Voiture (Vincent), né à Amiens en 1598. C’est le premier qui fut en France ce qu’on appelle un bel esprit. Il n’eut guère que ce mérite dans ses écrits, sur lesquels on ne peut se former le goût[1] ; mais ce mérite était alors très-rare. On a de lui de très-jolis vers, mais en petit nombre. Ceux qu’il fit pour la reine Anne d’Autriche, et qu’on n’imprima pas dans son recueil, sont un monument de cette liberté galante qui régnait à la cour de cette reine, dont les Frondeurs lassèrent la douceur et la bonté.

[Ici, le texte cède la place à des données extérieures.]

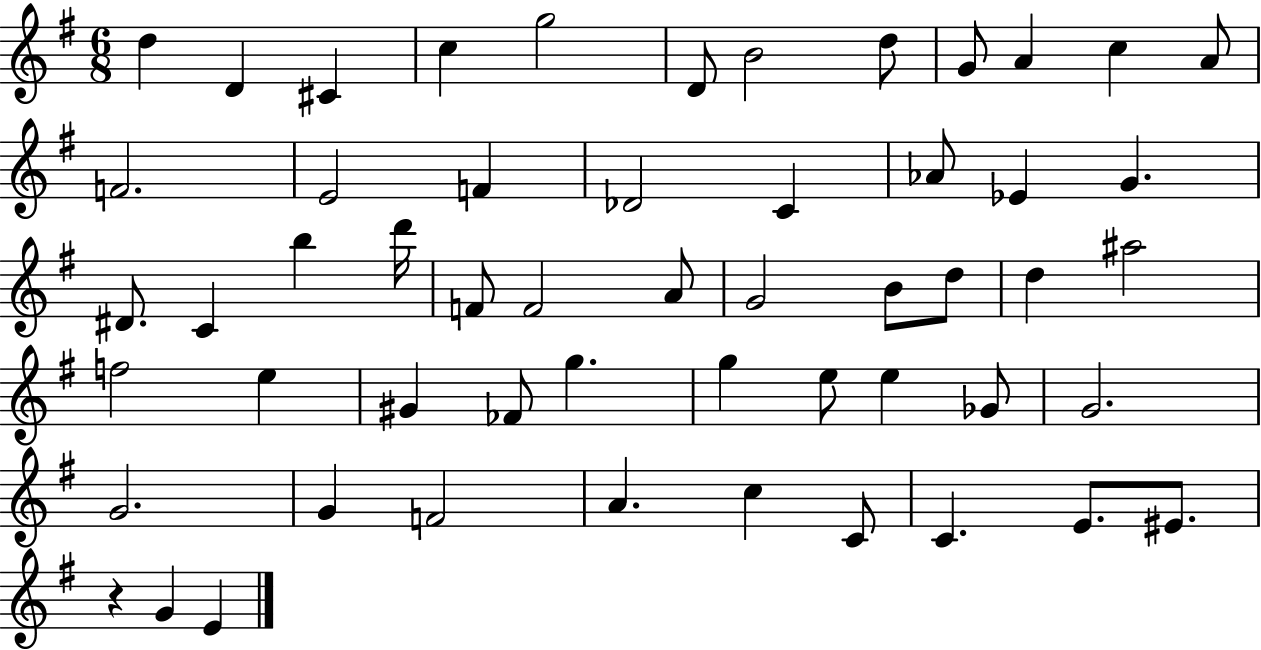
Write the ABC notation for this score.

X:1
T:Untitled
M:6/8
L:1/4
K:G
d D ^C c g2 D/2 B2 d/2 G/2 A c A/2 F2 E2 F _D2 C _A/2 _E G ^D/2 C b d'/4 F/2 F2 A/2 G2 B/2 d/2 d ^a2 f2 e ^G _F/2 g g e/2 e _G/2 G2 G2 G F2 A c C/2 C E/2 ^E/2 z G E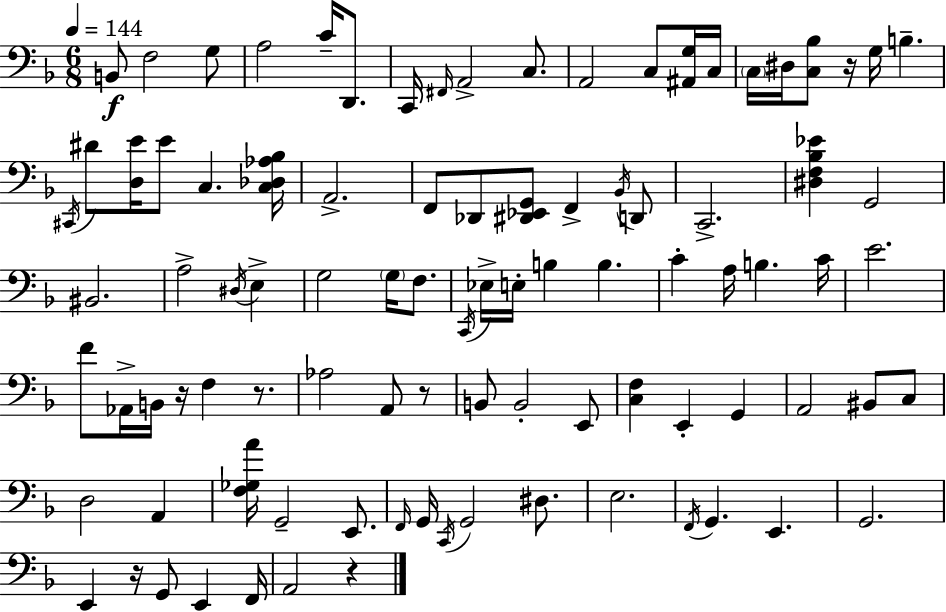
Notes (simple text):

B2/e F3/h G3/e A3/h C4/s D2/e. C2/s F#2/s A2/h C3/e. A2/h C3/e [A#2,G3]/s C3/s C3/s D#3/s [C3,Bb3]/e R/s G3/s B3/q. C#2/s D#4/e [D3,E4]/s E4/e C3/q. [C3,Db3,Ab3,Bb3]/s A2/h. F2/e Db2/e [D#2,Eb2,G2]/e F2/q Bb2/s D2/e C2/h. [D#3,F3,Bb3,Eb4]/q G2/h BIS2/h. A3/h D#3/s E3/q G3/h G3/s F3/e. C2/s Eb3/s E3/s B3/q B3/q. C4/q A3/s B3/q. C4/s E4/h. F4/e Ab2/s B2/s R/s F3/q R/e. Ab3/h A2/e R/e B2/e B2/h E2/e [C3,F3]/q E2/q G2/q A2/h BIS2/e C3/e D3/h A2/q [F3,Gb3,A4]/s G2/h E2/e. F2/s G2/s C2/s G2/h D#3/e. E3/h. F2/s G2/q. E2/q. G2/h. E2/q R/s G2/e E2/q F2/s A2/h R/q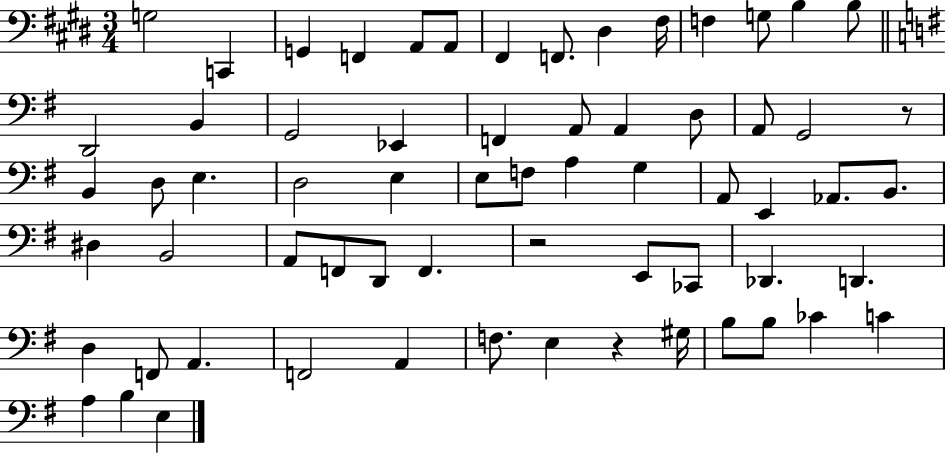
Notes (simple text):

G3/h C2/q G2/q F2/q A2/e A2/e F#2/q F2/e. D#3/q F#3/s F3/q G3/e B3/q B3/e D2/h B2/q G2/h Eb2/q F2/q A2/e A2/q D3/e A2/e G2/h R/e B2/q D3/e E3/q. D3/h E3/q E3/e F3/e A3/q G3/q A2/e E2/q Ab2/e. B2/e. D#3/q B2/h A2/e F2/e D2/e F2/q. R/h E2/e CES2/e Db2/q. D2/q. D3/q F2/e A2/q. F2/h A2/q F3/e. E3/q R/q G#3/s B3/e B3/e CES4/q C4/q A3/q B3/q E3/q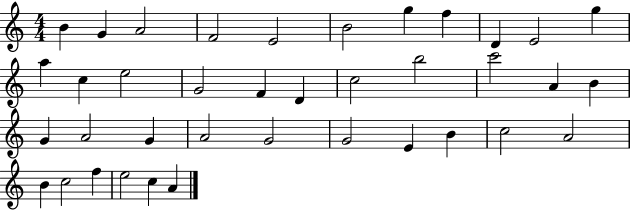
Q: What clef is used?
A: treble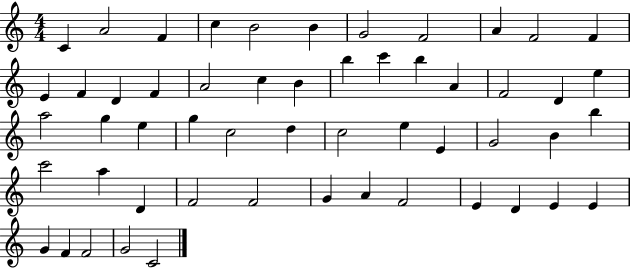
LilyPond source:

{
  \clef treble
  \numericTimeSignature
  \time 4/4
  \key c \major
  c'4 a'2 f'4 | c''4 b'2 b'4 | g'2 f'2 | a'4 f'2 f'4 | \break e'4 f'4 d'4 f'4 | a'2 c''4 b'4 | b''4 c'''4 b''4 a'4 | f'2 d'4 e''4 | \break a''2 g''4 e''4 | g''4 c''2 d''4 | c''2 e''4 e'4 | g'2 b'4 b''4 | \break c'''2 a''4 d'4 | f'2 f'2 | g'4 a'4 f'2 | e'4 d'4 e'4 e'4 | \break g'4 f'4 f'2 | g'2 c'2 | \bar "|."
}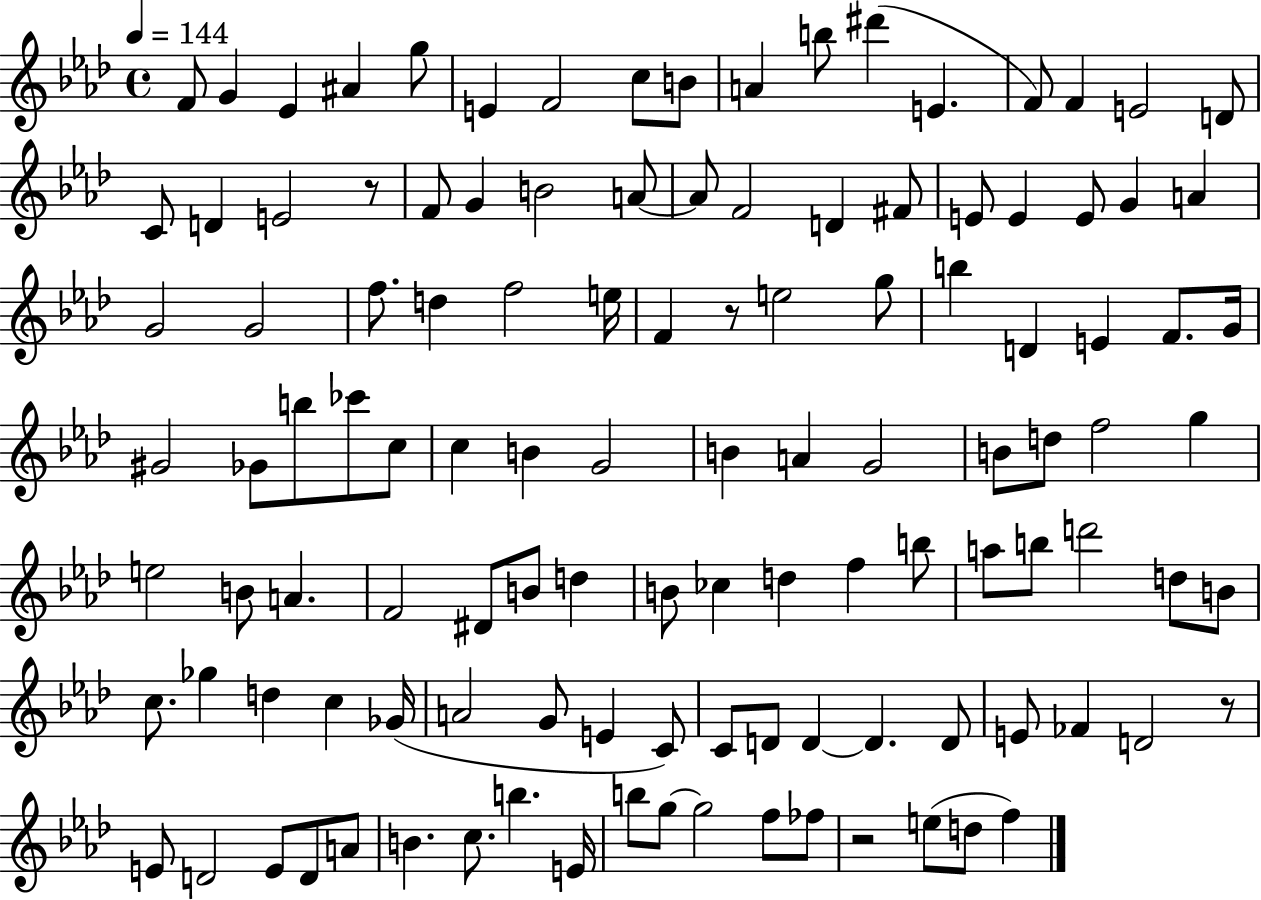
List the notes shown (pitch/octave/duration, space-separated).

F4/e G4/q Eb4/q A#4/q G5/e E4/q F4/h C5/e B4/e A4/q B5/e D#6/q E4/q. F4/e F4/q E4/h D4/e C4/e D4/q E4/h R/e F4/e G4/q B4/h A4/e A4/e F4/h D4/q F#4/e E4/e E4/q E4/e G4/q A4/q G4/h G4/h F5/e. D5/q F5/h E5/s F4/q R/e E5/h G5/e B5/q D4/q E4/q F4/e. G4/s G#4/h Gb4/e B5/e CES6/e C5/e C5/q B4/q G4/h B4/q A4/q G4/h B4/e D5/e F5/h G5/q E5/h B4/e A4/q. F4/h D#4/e B4/e D5/q B4/e CES5/q D5/q F5/q B5/e A5/e B5/e D6/h D5/e B4/e C5/e. Gb5/q D5/q C5/q Gb4/s A4/h G4/e E4/q C4/e C4/e D4/e D4/q D4/q. D4/e E4/e FES4/q D4/h R/e E4/e D4/h E4/e D4/e A4/e B4/q. C5/e. B5/q. E4/s B5/e G5/e G5/h F5/e FES5/e R/h E5/e D5/e F5/q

. . . . . . . . . . . . . . . . . . . . . . .
. . . . . . . . . . . . . . . . . . . . . . .
Je pensois si le cardinal,
J’entends celui de La Valette,
Pouvoit voir l’éclat sans égal
Dans lequel maintenant vous ête[2] ;
J’entends celui de la beauté :
Car auprès je n’estime guère,
Cela soit dit sans vous déplaire,
Tout l’éclat de la majesté[3].

  1. Voyez, dans le Dictionnaire philosophique, l’article Lettres familières.
  2. Alors on était dans l’usage de retrancher, dans les vers, les lettres finales qui incommodaient : vous ête pour vous êtes. C’est ainsi qu’en usent les Italiens et les Anglais. La poésie française est trop gênée, et très-souvent trop prosaïque. (Note de Voltaire.)
  3. Voiture, valet de chambre de la reine mère, rêvant à la fontaine de Belle-eau, la reine vint par derrière, lui donna un coup sur l’épaule, et lui demanda le sujet de sa rêverie. Sur quoi il lui répondit qu’il aurait l’honneur de le lui donner par écrit à son coucher ; et voici les vers qu’il fit :

    Je pensois que la destinée,
    Après tant d’injustes rigueurs,
    Vous a justement couronnée
    D’éclat, de gloire, et de grandeurs ;
    Mais que vous étiez plus heureuse
    Lorsque vous étiez autrefois,
    Je ne veux pas dire amoureuse,
    La rime le veut toutefois ;
    Je pensois (car nous autres poëtes
    Nous pensons extravagamment)
    Ce que, dans l’état où vous êtes,
    Vous penseriez en ce moment
    Si vous voyiez dans cette place
    Venir le duc de Buckingham,
    Et lequel seroit en disgrâce
    De lui ou du père Vincent.
    Je pensois que le cardinal,
    J’entends celui de La Valette,
    Auroit un plaisir sans égal
    En voyant l’éclat où vous ête :
    Je dis celui de la beauté,
    Car sans lui je n’estime guère,
    Cela soit dit sans vous déplaire.
    Tout celui de la majesté ;
    Que tant de charmes, de jeunesse,
    Pour vous le feroit soupirer,
    Et que madame la princesse
    Auroit beau s’en désespérer.
    Je pensois à la plus aimable
    Qui fut jadis dessous les cieux ;
    À l’âme la plus admirable
    Que formèrent jamais les dieux ;
    À la ravissante merveille
    De cette taille sans pareille,
    À la bouche la plus vermeille ;
    La plus belle qu’on ait jamais ;
    À deux pieds gentils et bien faits
    Où le temple d’amour se fonde ;
    À deux incomparables mains,
    À qui le ciel et les destins
    Ont promis le sceptre du monde ;
    À mille grâces, mille attraits,
    À cent mille charmes secrets,
    À deux beaux yeux remplis de flamme
    Qui rangent tout dessous leurs lois :
    Devinez sur cela, madame,
    Et dites à quoi je pensois.

    Voltaire, dans ses Remarques sur l’épître dédicatoire de Polyeucte (Commentaires sur Corneille) cite quatre vers de cette pièce, qu’il dit et que je crois inédite. Cependant vingt-quatre vers, dont huit ne sont pas dans la copie que j’ai suivie, avaient été imprimés dans les Mémoires de Mme  de Motteville. (B.)